Records for this task Start Marker
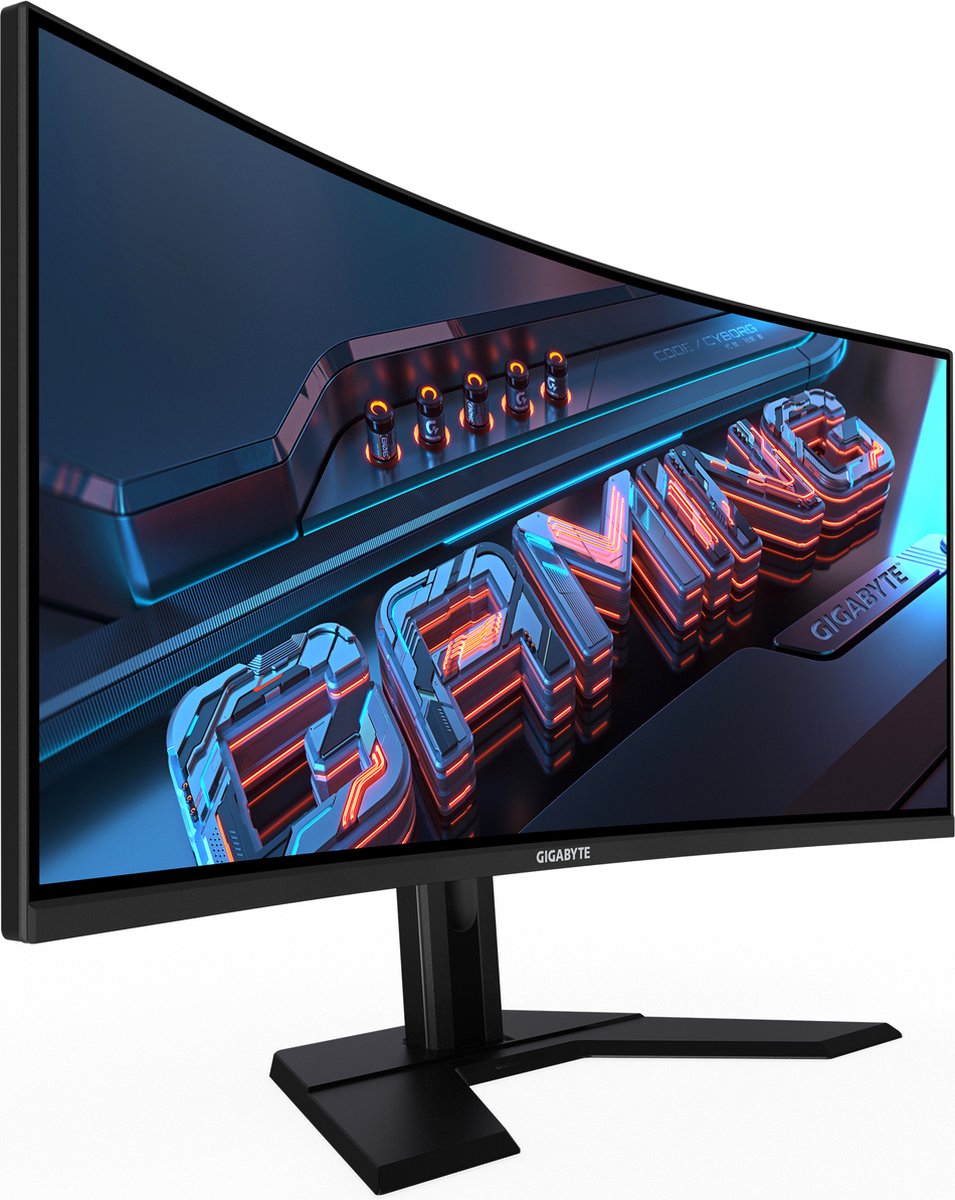 Gigabyte G34WQCP 34 inch Curved Ultrawide Gaming Monitor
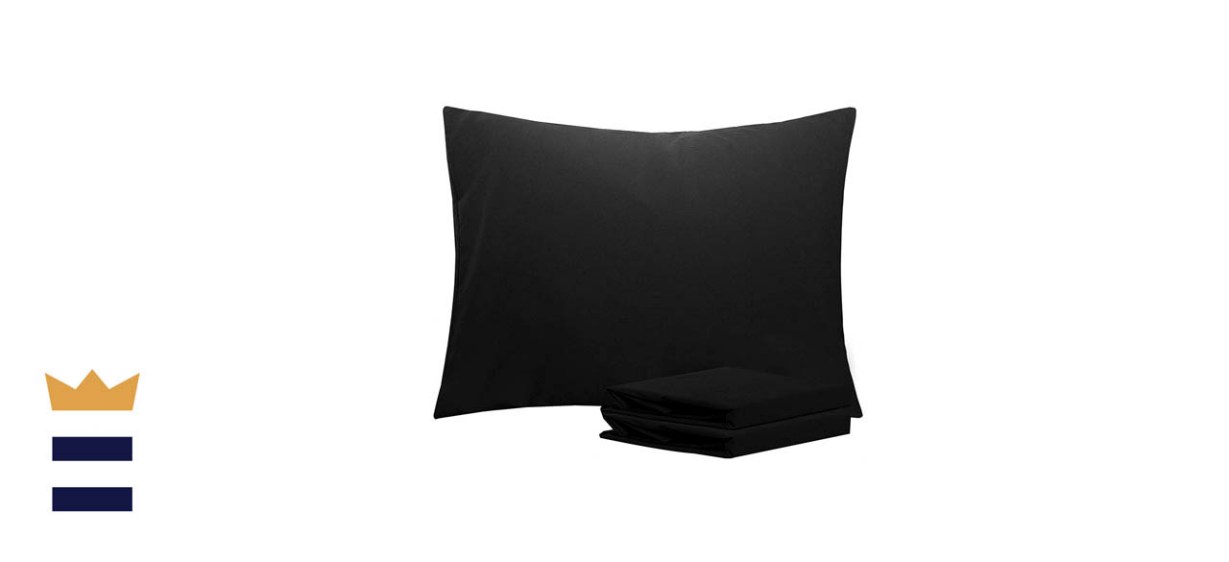 NTBAY Standard Pillowcases Set of 2, 100% Brushed Microfiber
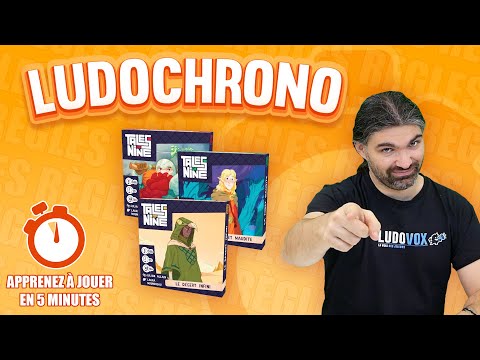 Ludochrono - Tales of Nine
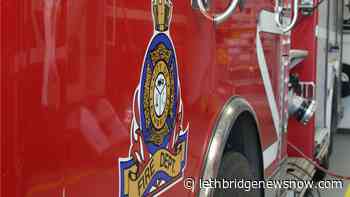 Crews respond to west Lethbridge fire Sunday - Lethbridge News Now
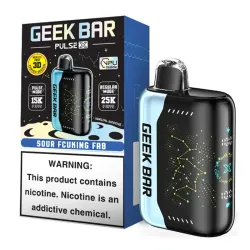 GEEK BAR PULSE X — Sour Fcuking Fab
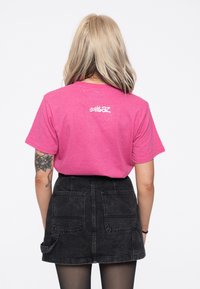 Paradiso Clothing Print T-shirt - pink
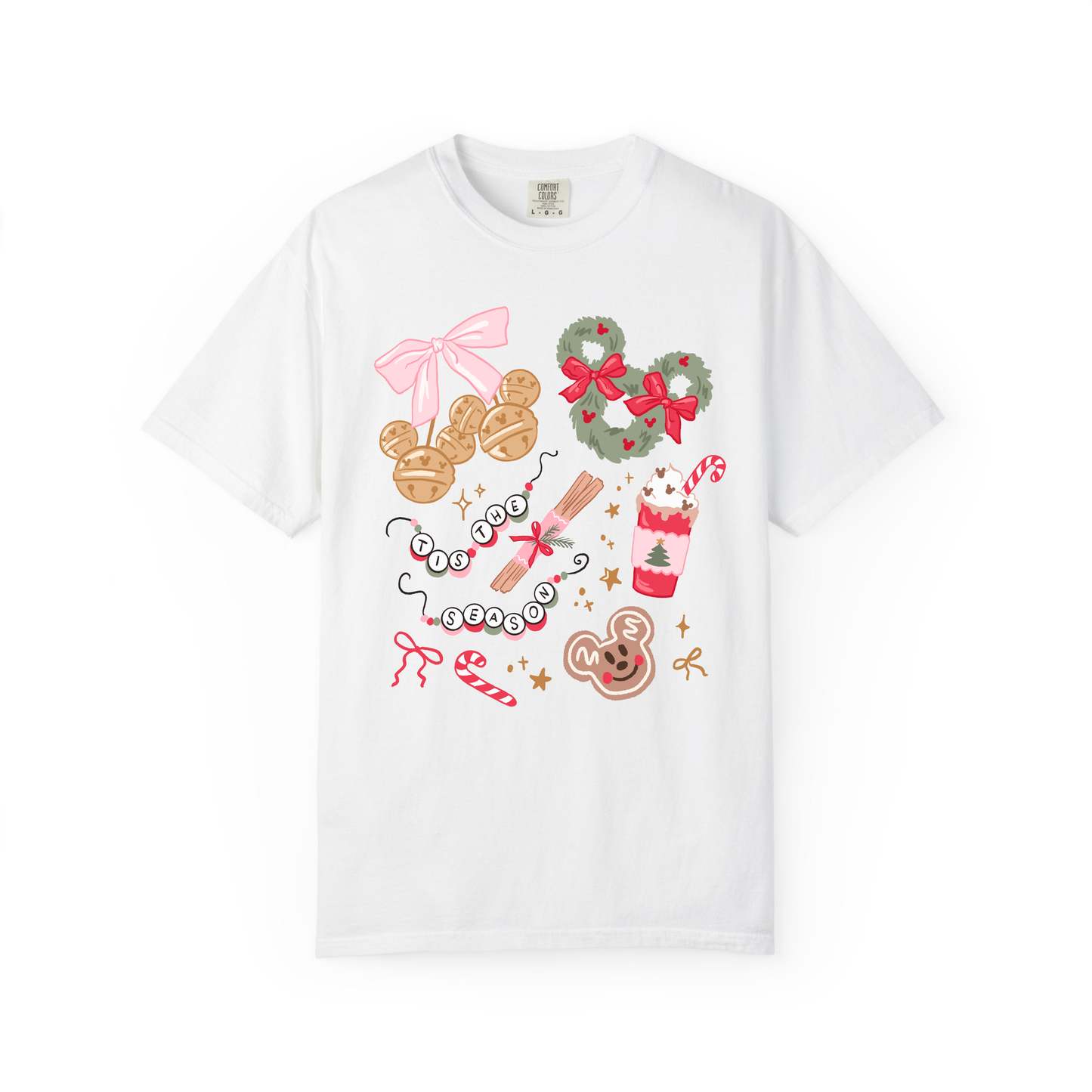 Just a Holiday Girl Tee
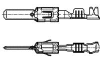 Crimp Contacts - 6805791P - RS Components, Ltd.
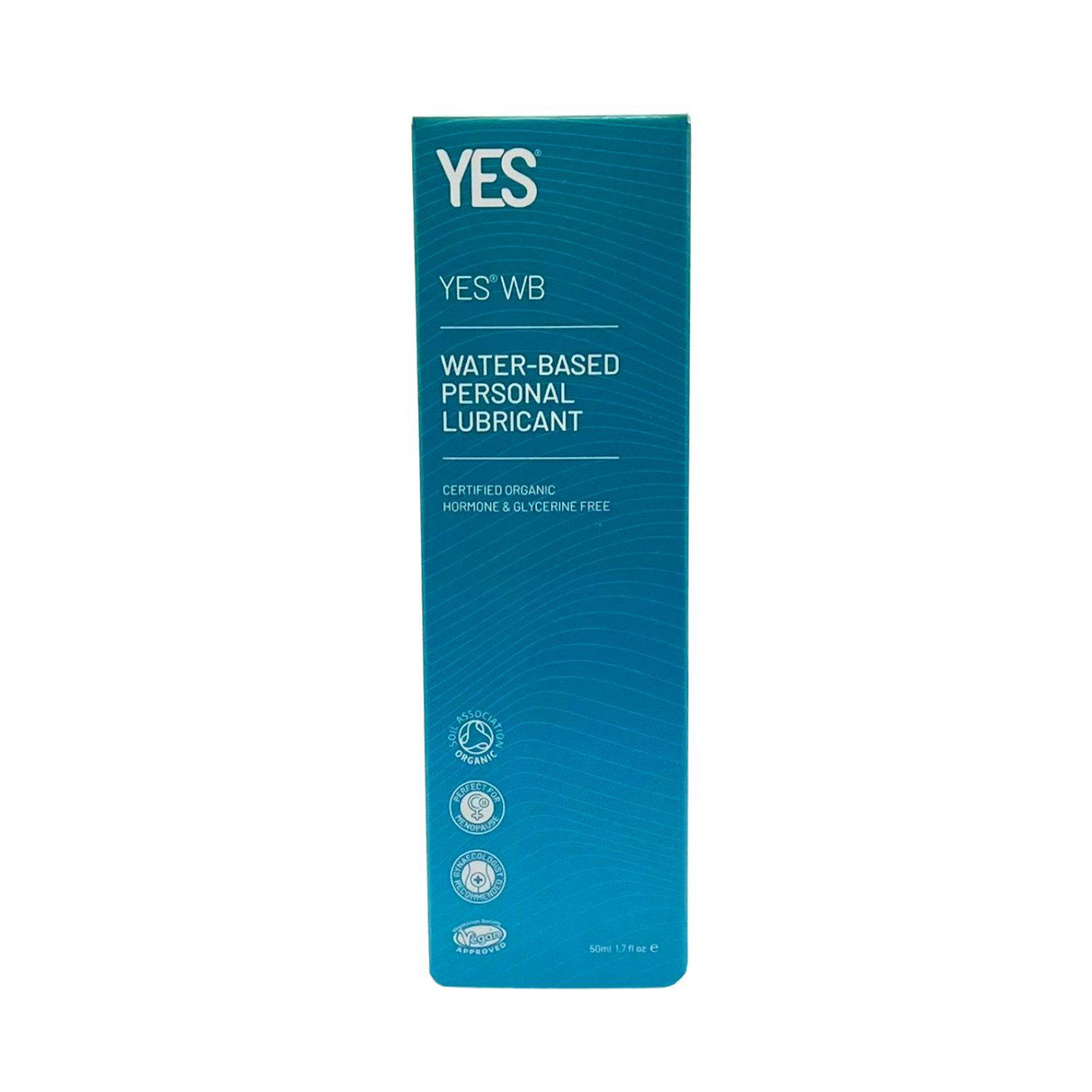 YES WB Organic Water Based Personal Lubricant
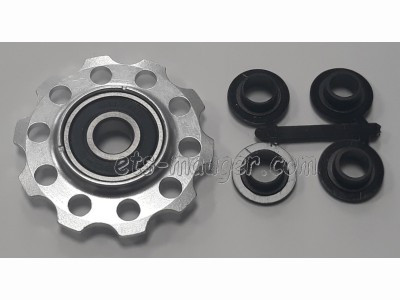 piece detachée mauger Galet de tendeur de chaîne vélo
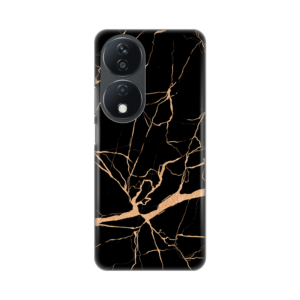 Torbica Silikonska Print za Honor X7b All Black 18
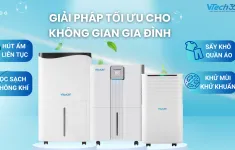 Mách bạn top 3 máy hút ẩm dân dụng được người tiêu dùng ưa chuộng năm 2024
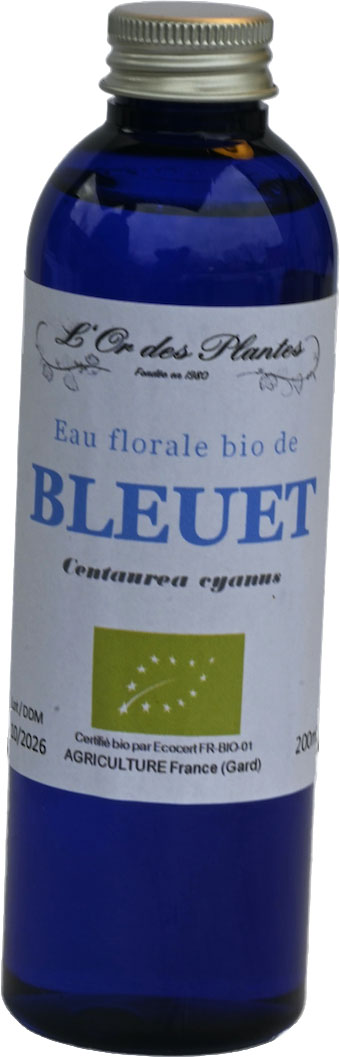 BLEUET fleur (g) — Fleurs & Pétales
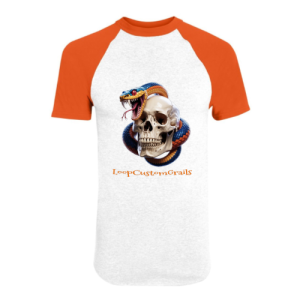 Loopycustom White T-Shirt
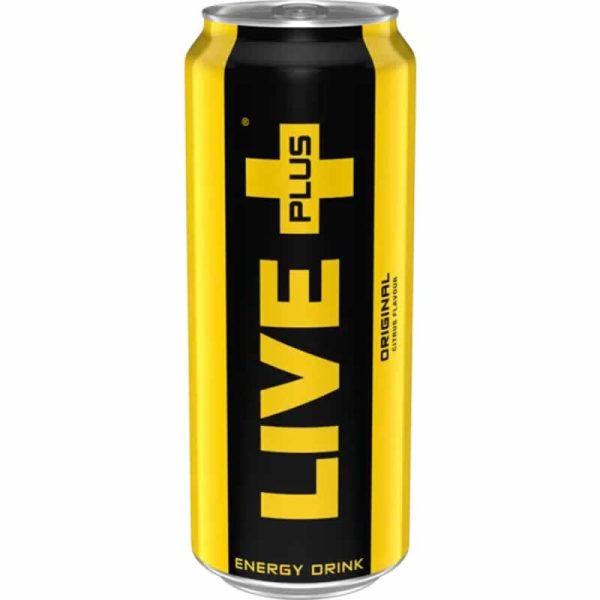 liveplus energy drink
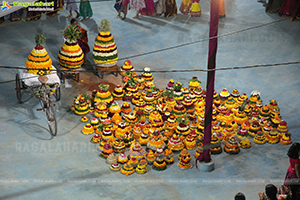 Bathukamma Celebrations 2022 At Kukatpally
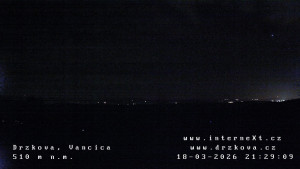 Obec Držková - Kopec Vančica - 18.3.2026 v 21:32 Obec Držková - Kopec Vančica - 18.3.2026 v 21:32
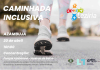MAIS LEZÍRIA PROMOVE CAMINHADA INCLUSIVA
Records for this task End Marker
# What you are asked to do:
Leaving each picture behind, please give again exactly the lines above from the one with "Torbica Silikonska Print" through the one with "Bathukamma Celebrations 2022 At Kukatpally", both included, and no others.

# Your response:
 Torbica Silikonska Print za Honor X7b All Black 18
 Mách bạn top 3 máy hút ẩm dân dụng được người tiêu dùng ưa chuộng năm 2024
 BLEUET fleur (g) — Fleurs & Pétales
 Loopycustom White T-Shirt
 liveplus energy drink
 Bathukamma Celebrations 2022 At Kukatpally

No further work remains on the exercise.